■ DATA EXTRACT:
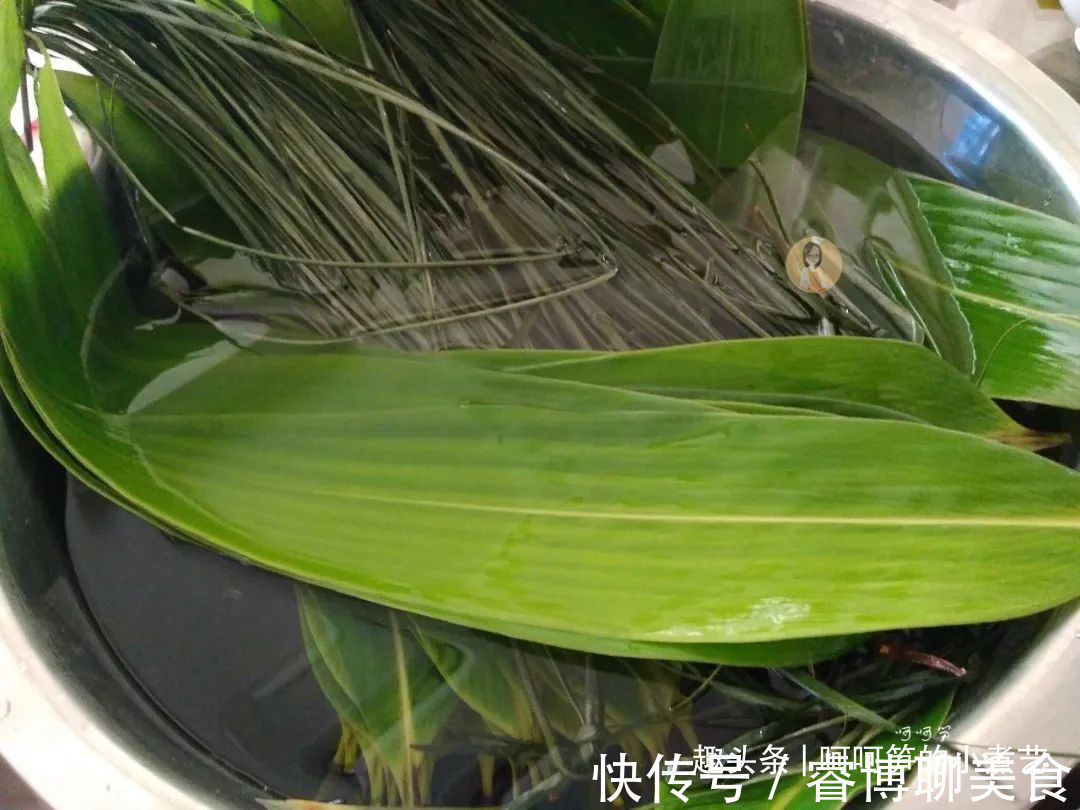 香菇|端午节将至，教你做鲜香味美的咸蛋黄肉粽，软糯诱人，吃了还想吃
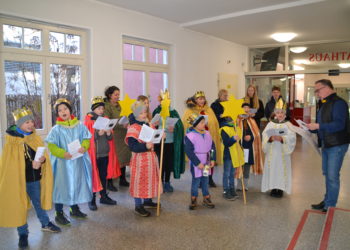 Sternsinger segneten das Lübbenauer Rathaus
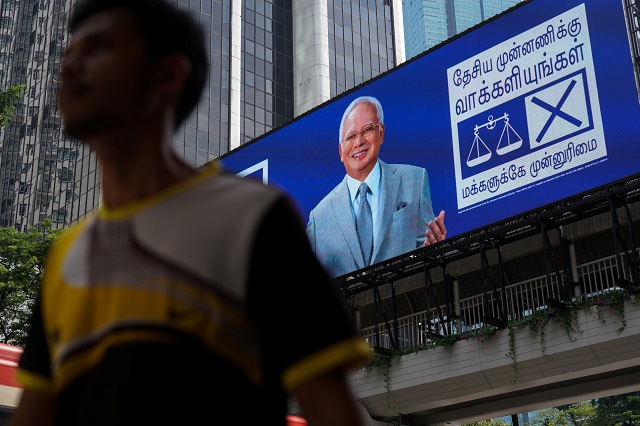  Pemilu Malaysia GE14: Najib ditinggal pendukung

■ TO DO:
Go to the line containing "Sternsinger segneten das Lübbenauer Rathaus", then write out word for word every line from there to the end of the listing. Keep both end lines and drop the pictures.

■ RESULT FOR THIS TASK:
 Sternsinger segneten das Lübbenauer Rathaus
  Pemilu Malaysia GE14: Najib ditinggal pendukung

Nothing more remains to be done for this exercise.